Provisions of The Ban
The Federal Assault Weapons Ban was only a small part (title XI, subtitle A) of the Violent Crime Control and Law Enforcement Act.
The Act created a flowchart for classifying 'assault weapons' and subjected firearms that met that classification to regulation. Nineteen models of firearms were defined by name as being 'assault weapons' regardless of how many features they had. Various semi-automatic rifles, pistols, and shotguns were classified as 'assault weapons' due to having various combinations of features.
The Act addressed only semi-automatic firearms, that is, firearms that fire one shot each time the trigger is pulled.
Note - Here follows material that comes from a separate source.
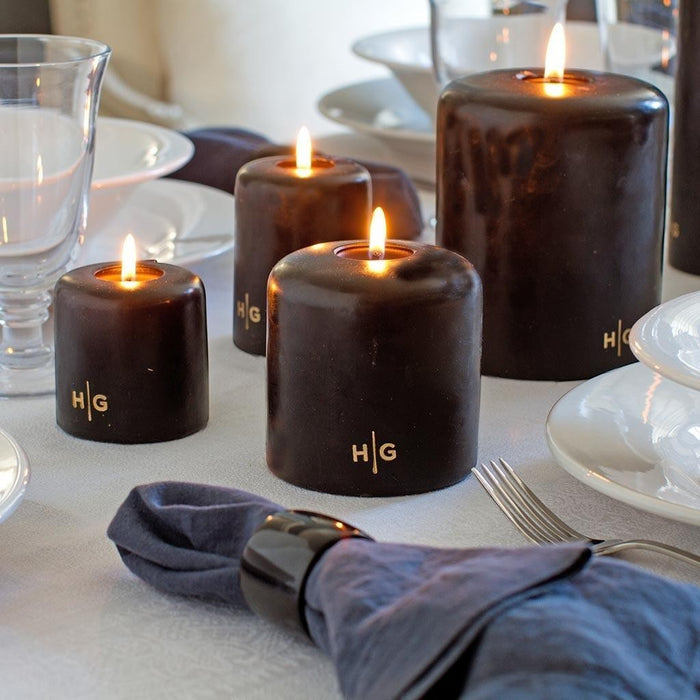 HG Black Unscented Pillar Candles, 4"x6" and smaller, with gold HG logo, on a white dining table.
Neither the AWB nor its expiration changed the legal status of fully automatic firearms, which fire more than one round with a single trigger-pull; these have been regulated by the National Firearms Act of 1934 and Firearm Owners Protection Act of 1986.
The Act also defined and banned 'large capacity ammunition feeding devices' in the ban, which generally applied to magazines or other ammunition feeding devices with capacities of greater than a certain number of rounds, and that up to the time of the Act were considered normal or factory magazines. Media and popular culture referred to these as 'high capacity magazines or feeding devices'. Depending on the locality and type of firearm, the cutoff between a 'normal' capacity and 'high' capacity magazine was 3, 7, 10, 12, 15, or 20 rounds. The now defunct federal ban set the limit at 10 rounds.
During the period when the AWB was in effect, it was illegal to manufacture any firearm that met the law's flowchart of an assault weapon or large capacity ammunition feeding device, except for export or for sale to a government or law enforcement agency. The law also banned possession of illegally imported or manufactured firearms, but did not ban possession or sale of pre-existing 'assault weapons' or previously factory standard magazines that were legally redefined as large capacity ammunition feeding devices. This provision for pre-ban firearms created a higher price point in the market for such items, which still exist due to several states adopting their own assault weapons ban.